Mastercard Blocks Transactions with Online Gambling Links

Published Thursday, February 04, 2010 -

Mastercard will no longer be processing online gambling transactions according to the latest news on the web. According to various sources the action taken by Mastercard coincides with a Federal appeals court ruling recently upholding a contempt order for refusing to comply with a grand-jury subpoena levelled against two former online gambling payment processing companies. The blocking of all deposits made by US citizens linked to poker sites and online casinos will be imposed, immediately as Mastercard starts to comply with the eventual Unlawful Internet Gambling Enforcement Act enforcement.

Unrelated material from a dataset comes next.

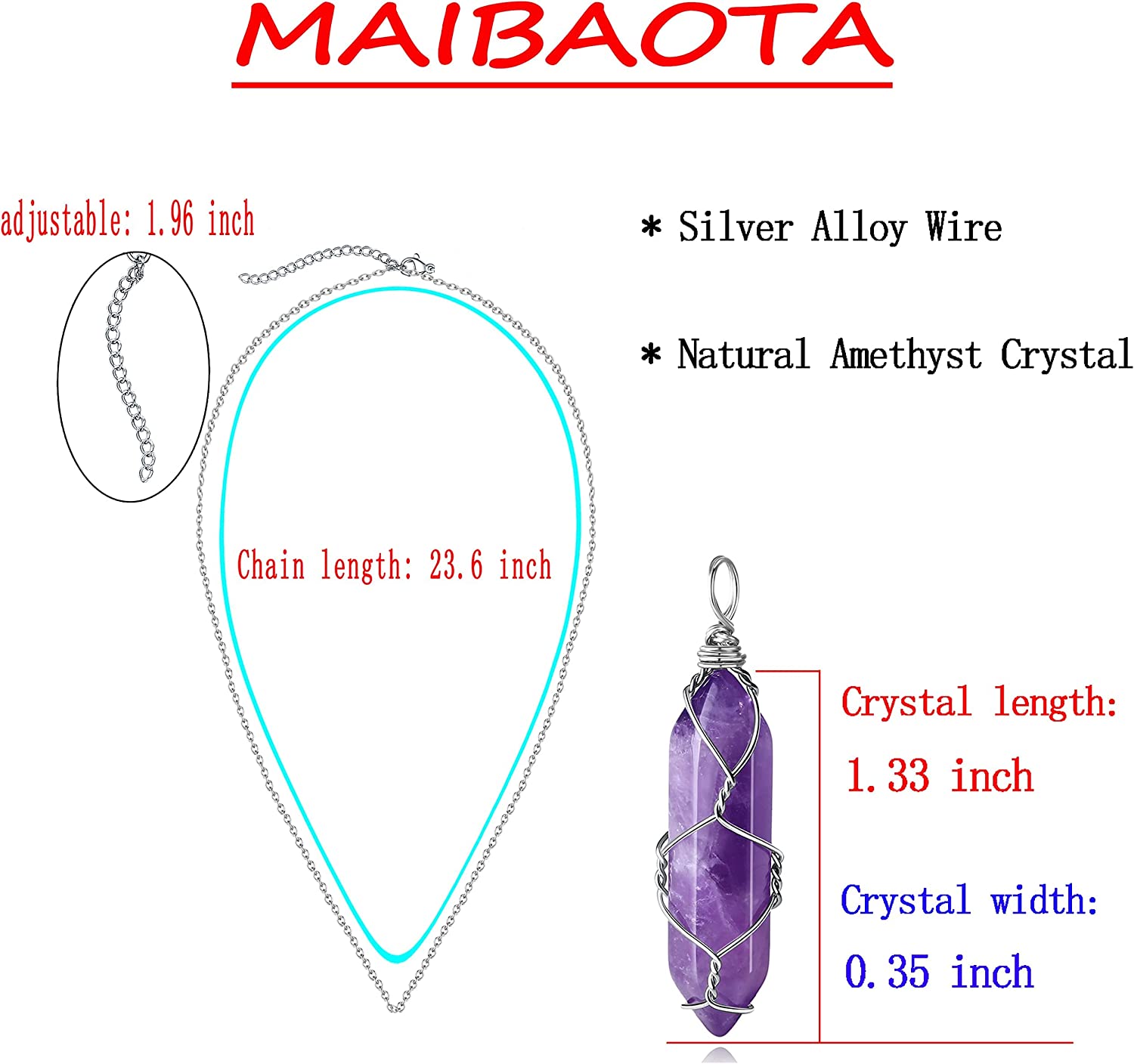 MAIBAOTA Amethyst Healing Crystal Stone Necklace Wire Wrapped Gemstone Point Pendant Necklaces Natur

In what seems like a never ending problem for the financial institutions Mastercard has attempted before to block online transactions but were thwarted by gaming sites who were able to remove the code identifying the transaction from their sites. Mastercard’s last attempt to block gambling transactions lasted about 2 months before gaming sites were able remove the code making them invisible again. Doylesroom, Bodog, Absolute Poker, UltimateBet, Cake Poker Network and Sportsbooks will be affected by this action by the credit card giant.

Visa continues to be widely used in the US at online poker and casino sites but it has been suggested they are working on similar plan to refuse transactions from online gambling sites or players. This will not be the end of punting in America or gambling on your favourite poker site. Alternatives to credit card deposits are still available at most gaming sites with Echecks, Ewalletexpress and Usemywallet some of the most popular. The use of electronic cheques is also gaining usage, they are deposited directly with the online poker site. These are quick, usually free from charges, and they can also be used to withdraw cash. Other options like Fedex checks or bank wires are also often used by players on the net. With America's Superbowl football game, coming soon this move by Mastercard will surely cost them millions of dollars in lost fees.